LLNL’s ‘STEM with Phones’ Program Brings AI-Powered Physics Research to Students
May 14, 2026 — Forget spreadsheets. At Lawrence Livermore National Laboratory’s (LLNL) STEM with Phones student workshop, students are using smartphones and artificial intelligence (AI) to conduct advanced scientific analysis.
Led by LLNL’s David Rakestraw, participants in the program discover how to turn a tool already in their pocket — a smartphone — into an instrument for investigating fundamental physics principles. The devices are equipped with advanced sensors and remarkable computational capabilities. Throughout the week-long program, students learn how to use their devices to conduct hands-on measurements and apply AI to explore real-world phenomena.
At LLNL’s STEM with Phones summer workshop, Daniel Kim participated in a demonstration on how a smartphone can be used for scientific research and data analysis. Photo credit: Garry McLeod.
“I saw students being very excited about trying to solve a problem and recognizing how these new intelligent tools could work side-by-side with them to turn them not into just consumers of knowledge, but real creators,” said Rakestraw.
The summer program inspired one high school participant from Acalanes High School in Lafayette, California, Daniel Kim, to launch an innovative research project: combining observational astronomy with custom-analysis software to measure Earth’s rate of rotation.
Kim and a fellow student from his high school, Tsimur Havarko, turned a smartphone up toward the night sky and captured 945 photographs that they blended into a single image using a custom application they developed with AI. The resulting image maps the apparent motion of the stars as they move across frame as a result of the Earth’s rotation. Measuring those long arcs by hand would have been time-consuming, so Kim and Havarko created another custom code to measure the length of the arc and the distance from the north star and then calculate Earth’s angular velocity.
“That particular software was about 1000 lines of code and would have taken software engineers several weeks to write it,” said Rakestraw. “This illustrates how high school students with no coding experience are able to create sophisticated analysis tools, which completely changes the kinds of problems they’re able to investigate.”

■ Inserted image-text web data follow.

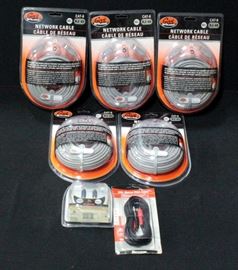 Geek Squad Network Cable RJ-45 50" Unopened Qty 5, RCA Couplers Unopened, RCA 20 Ft. Stereo Cable Unopened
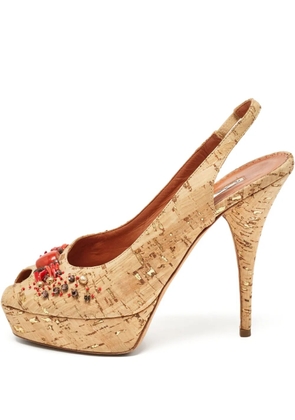 Oscar de la Renta Pre-Owned 130mm bead-embellished pumps - Neutrals
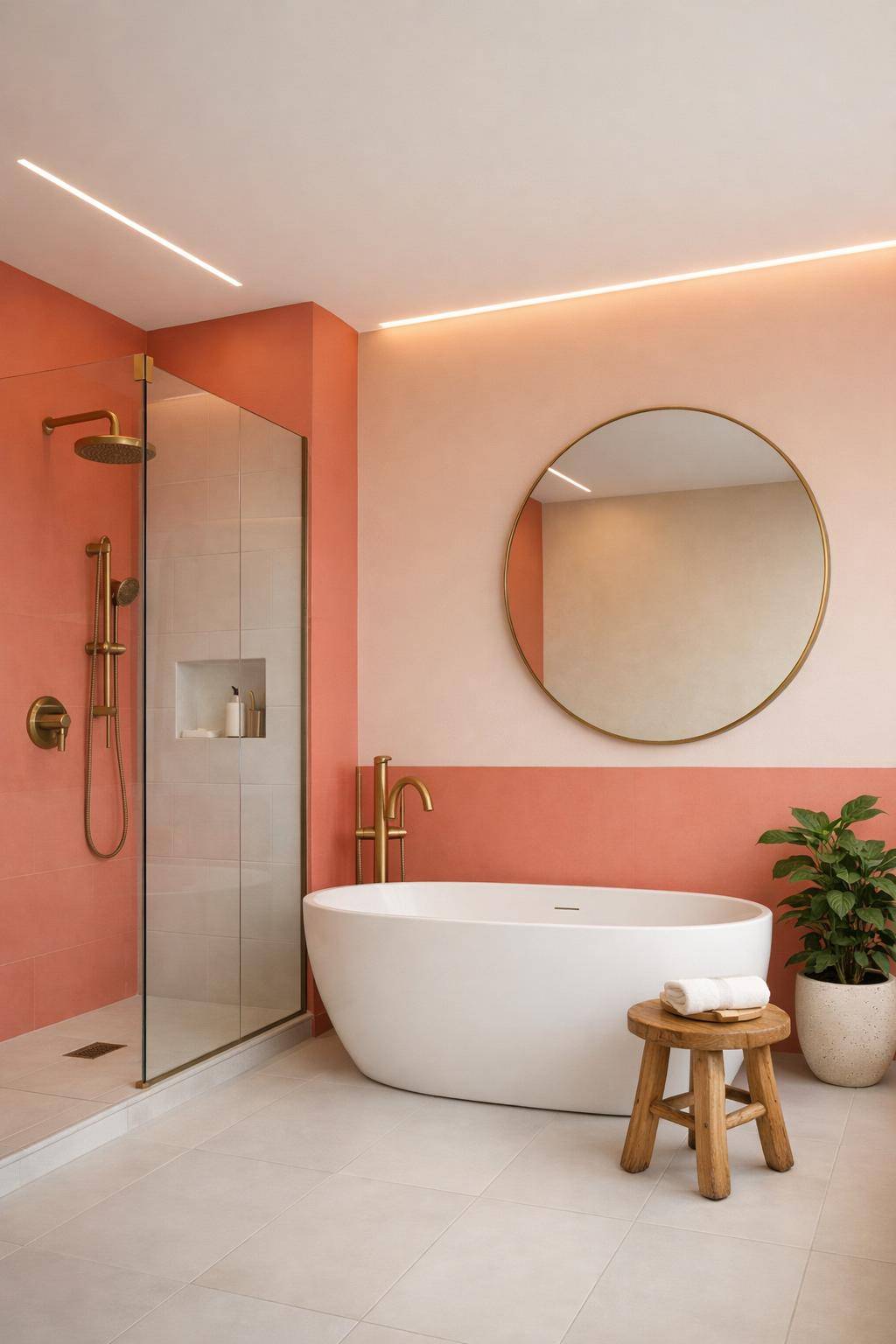 Farbideen für kleine Badezimmer- Wähle Korallenuancen für einen Frischekick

As a mentor, Rakestraw collaborated with the students on evaluating the output and determining the validity of the analysis with fundamental physics principles. He emphasized that this still was a hard problem to solve, but AI dramatically expanded what was possible within the time frame and experience constraints of a student-led research project.
The Physics Teacher, a peer-reviewed journal, published the study as an example to highlight the emerging framework for cognitive-activated learning with AI augmentation.
For Rakestraw, the project’s success offered a proof of principle for the new approach to science education in the age of AI. Educators can help students accomplish incredible research by teaching students to use these tools effectively.
Physics with Phones is evolving to embrace this framework throughout the summer program.
“Two years ago, it was just all smartphone sensors and then using spreadsheets to do the analysis. Last year, I started to integrate AI, and this year AI will be an instrumental component of the student investigations and there will be hardly any analysis to do with spreadsheets anymore,” said Rakestraw.
As AI tools continue to evolve, the Physics with Phones program offers an exciting approach to ensure science education evolves with them. Students can use these emerging technologies to think critically, analyze complex data and purse more advanced scientific questions.